*WORK ORDER:*
Please write out every line of the material, leaving out any picture.

*INFORMATION SHOWN:*
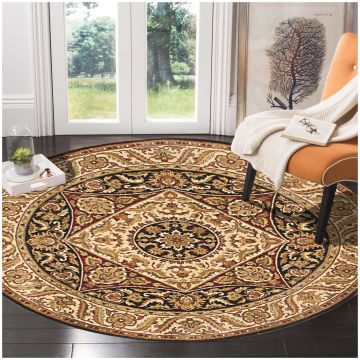 Rugsville Jacques Traditional Floral Black Wool Rug 180 x 180 cm
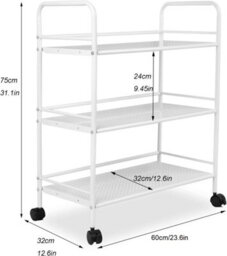Multibao White Metal 3 Tier Side Kitchen Trolley Cart Shelf Rack For Beauty Salon Bbq Hotpot Workshop - thumbnail 2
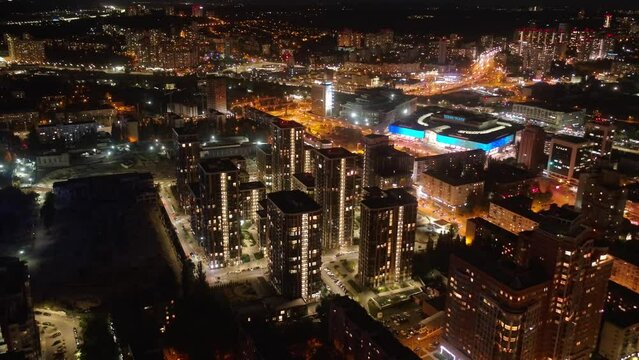 Modern residential area in the center of Kyiv. Night city. Premium real estate. Aerial. Ukraine. 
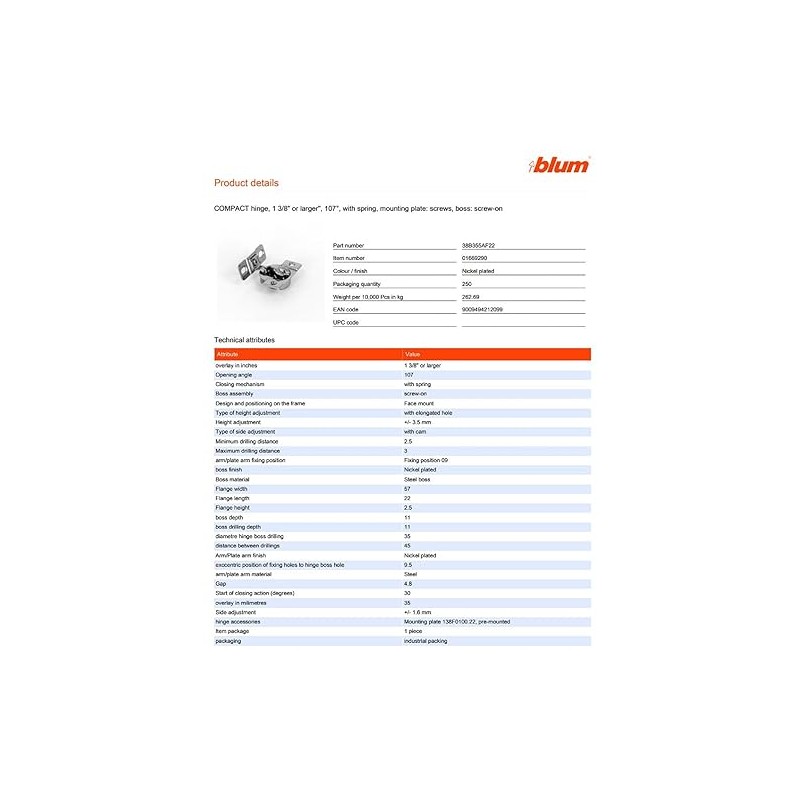 Blum 33B355AF22 Compact Face Fix Hinge 107° with Spring and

*SOLUTION TO THE EXERCISE:*
 Rugsville Jacques Traditional Floral Black Wool Rug 180 x 180 cm
Multibao White Metal 3 Tier Side Kitchen Trolley Cart Shelf Rack For Beauty Salon Bbq Hotpot Workshop - thumbnail 2
 Modern residential area in the center of Kyiv. Night city. Premium real estate. Aerial. Ukraine. 
 Blum 33B355AF22 Compact Face Fix Hinge 107° with Spring and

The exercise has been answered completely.